Simulating the Finalists for 2016 After Round 14

This year I'm starting simulations for the Finalists a bit earlier than usual, partly as a result of a request from Twitter follower @SgtButane, who's another of the burgeoning group of AFL fans using statistical modelling techniques to forecast game outcomes. If you've an interest in this sort of modelling and you're not yet on Twitter, I'd strongly encourage you to sign up and start following like-minded people (I'm @MatterOfStats by the way). There's a tremendous amount of informed commentary and quality analysis being shared by some very talented people in this space.

THE PHILOSOPHY AND PRACTICE OF SIMULATION

Anyway, that request for me to start simulating the season triggered a lively, but very civil debate on Twitter about how to approach the task. The main point of contention was whether or not any adjustment should be made to a team's assumed abilities during the course of a single replicate in the simulation, on the basis of the simulated result of a game.

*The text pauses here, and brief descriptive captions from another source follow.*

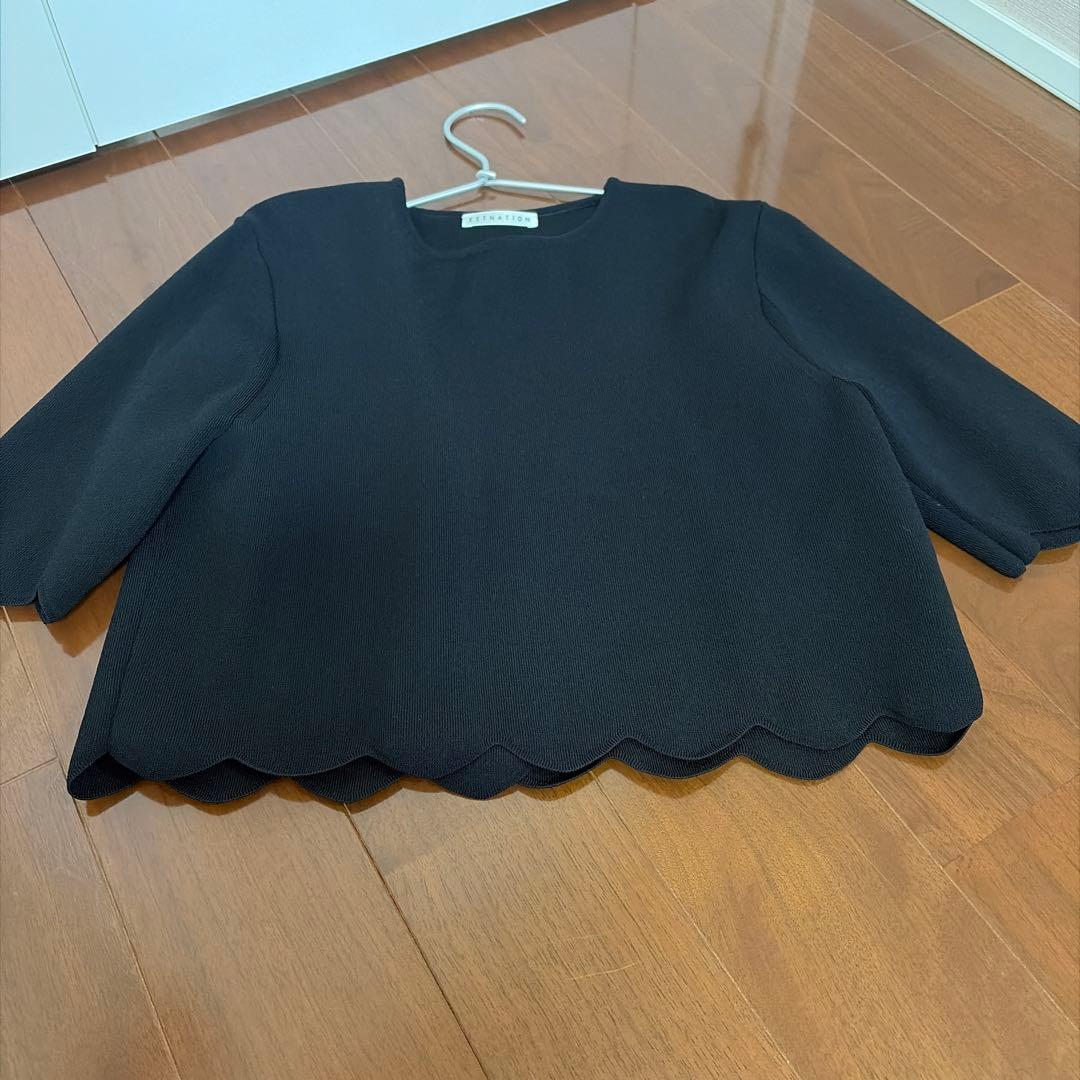 黒 スカラップヘム 半袖トップス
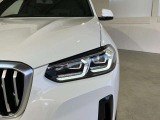 LEDヘッドライト 先進のLEDテクノロジーを採用。キセノンライトを上回るコントラストで明るく輝きます。夜間や悪天候時の日中でも優れた視野性を発揮し安全性と快適性を高めます。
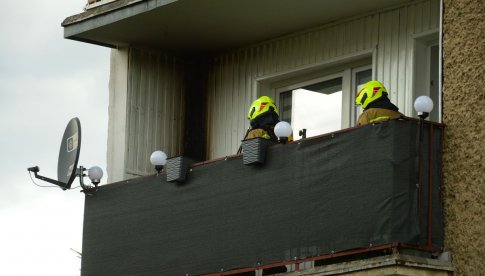 Pożar na balkonie w Kamieńcu Ząbkowickim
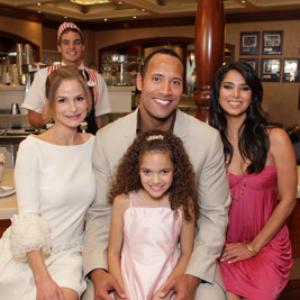 Kyra Sedgwick, Dwayne Johnson, Roselyn Sanchez and Madison Pettis at event of The Game Plan (2007)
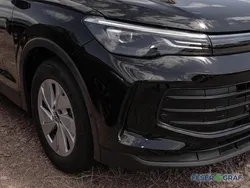 Deep black perleffekt Gebraucht 2024 VW Tiguan Basis SUV | 36.450 € (Guter Preis)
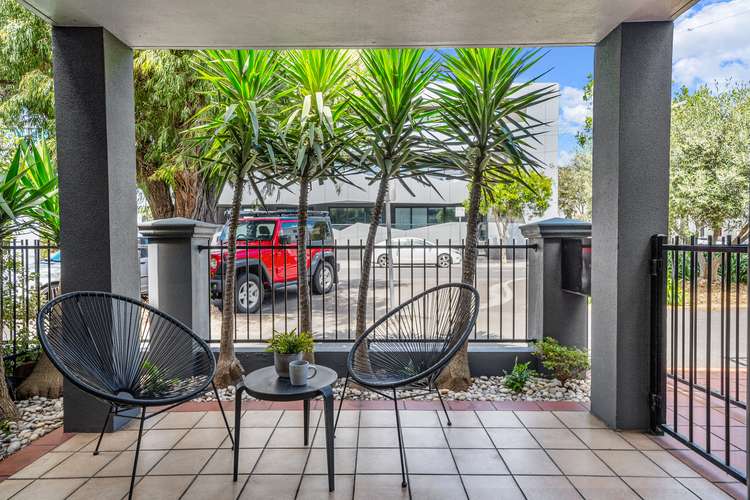 Main view of Homely apartment listing, 2/33 Princes Street, Port Melbourne VIC 3207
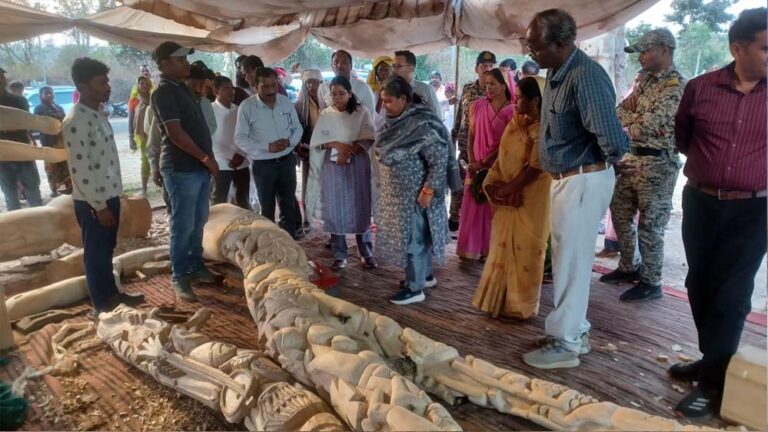 बीजापुरी नंबर-1 में काष्ठ शिल्पियों के कार्यों का शहडोल संभाग की कमिश्नर ने लिया जायजा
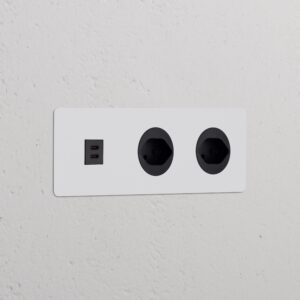 Kew Gniazdo USB-C 30W i szwajcarskie typu J x 2 w potrójnej ramce – Do malowania, Czarny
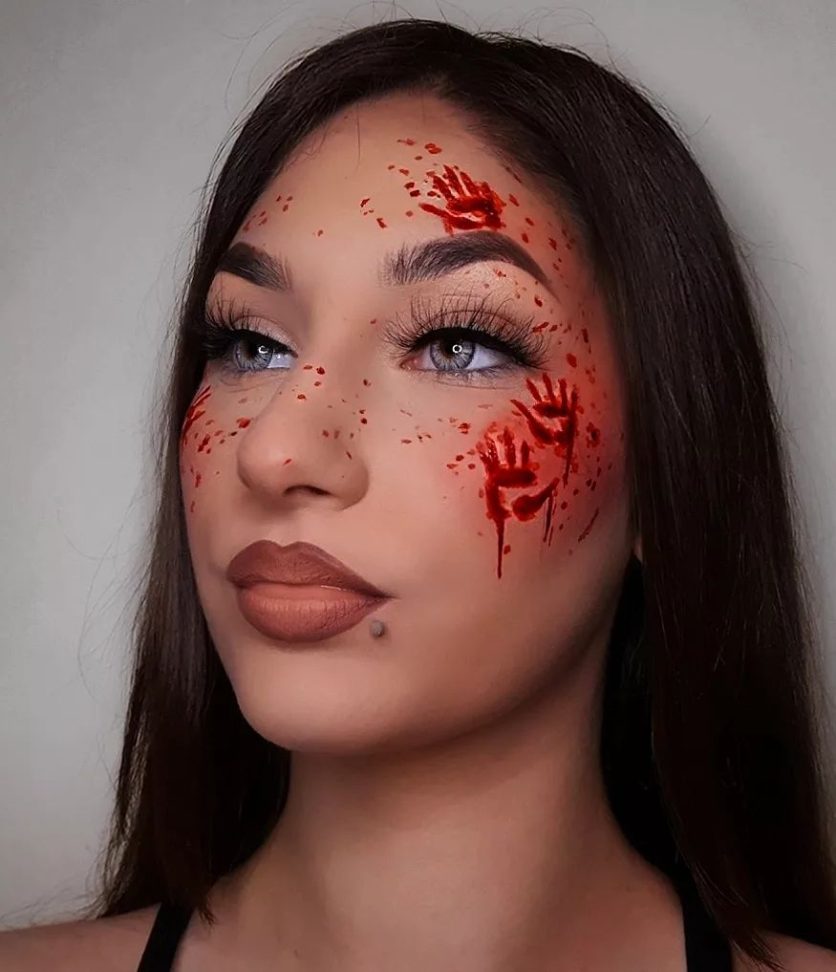 maquiagem de halloween com sangue
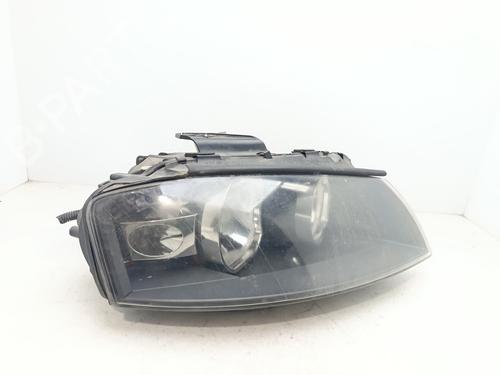 Used Right headlight Right headlight AUDI A3 (8P1) 1.9 TDI (105 hp) 34435679 34435679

If, say, Melbourne were to defeat Adelaide in one simulated version of Round 15 - which would represent a surprise result given the two teams' current ratings - should Melbourne's team rating be increased and Adelaide's decreased before simulating the results for Round 16?

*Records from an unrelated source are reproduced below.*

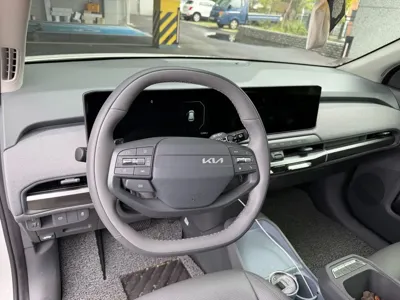 Kia EV3 2026, 9200 км, за 7348.54 USD - фото 14
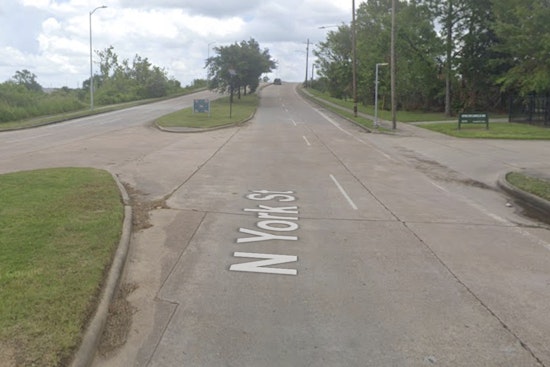 Houston Police Investigate after Body with Gunshot Wound Found in Buffalo Bayou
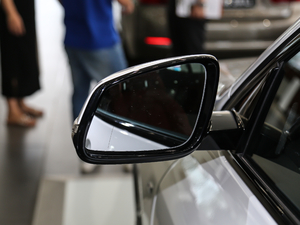 2018sDrive 25i AMԽҰb V ^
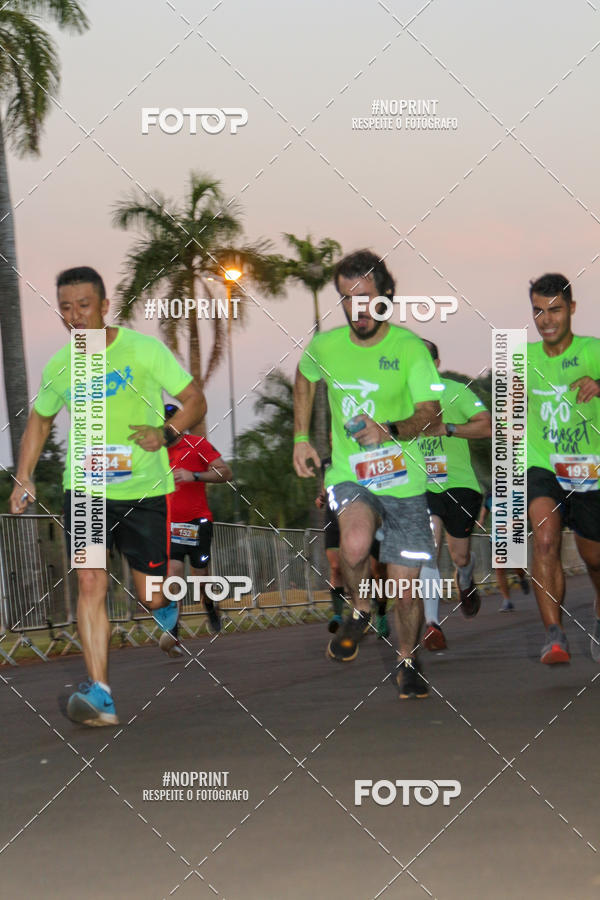 Buy your photos of the eventSunset Run 2019 on Fotop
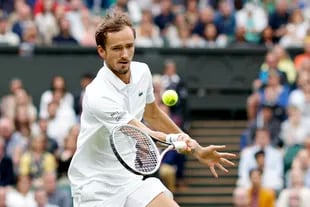 Daniil Medvedev, la máxima figura del tenis ruso, tendrá prohibido actuar en Wimbledon, al igual que los bielorrusos. 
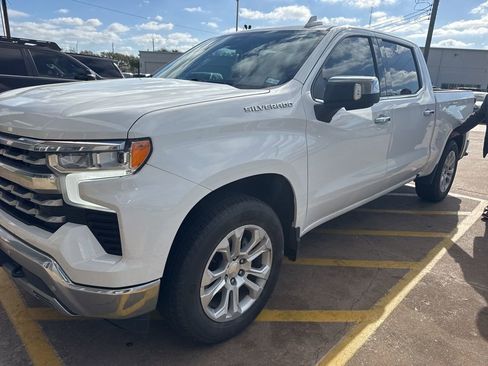 Used 2022 Chevrolet Silverado 1500 LTZ image 5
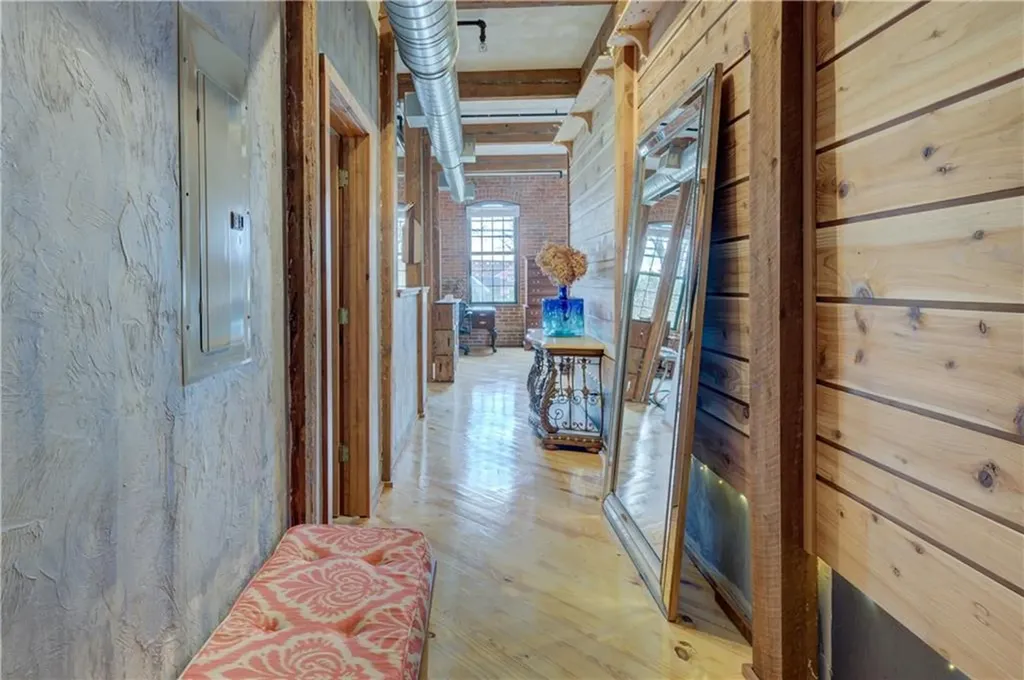 407 Pine Street Providence RI 02903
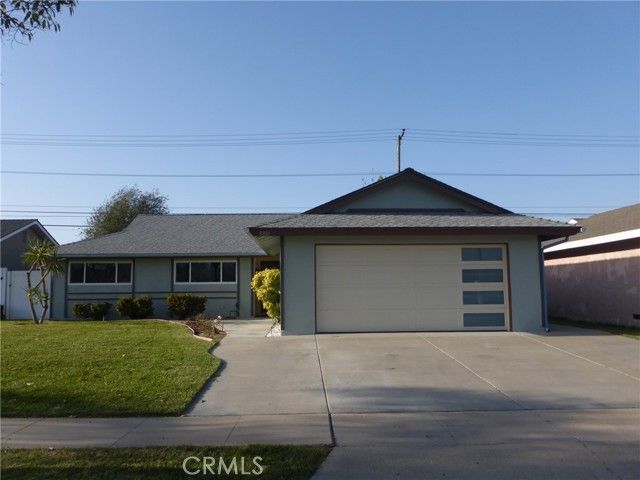 8881 Albatross Dr, Huntington Beach, CA 92646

My view is that they should not be altered because we have no new information in the simulation about Melbourne's or Adelaide's ability, just a single simulated result which, while unlikely, is by definition completely consistent with the teams' assumed pre-game ratings. If we model victory margins as stochastic variables then, I'd suggest, we shouldn't respond to the randomness that this produces as if it were somehow a sign of improved ability. Doing so implies that we believe team ratings respond to the randomness inherent in actual results.

The counterargument seems to be that we would adjust the teams' ratings were we to see this result in real life, so we should do the same when we see it in a simulation, to which my response would be that we make adjustments when we see a result in real life because we assume there is some deterministic component in that outcome.

Just how much we assume an actual result reflects random versus deterministic elements and how much, as a result, we adjust team ratings on the basis of that single result, is at the heart of any ratings system  - adjust too much and we respond excessively to randomness, too little and we ignore the real changes in team abilities over time.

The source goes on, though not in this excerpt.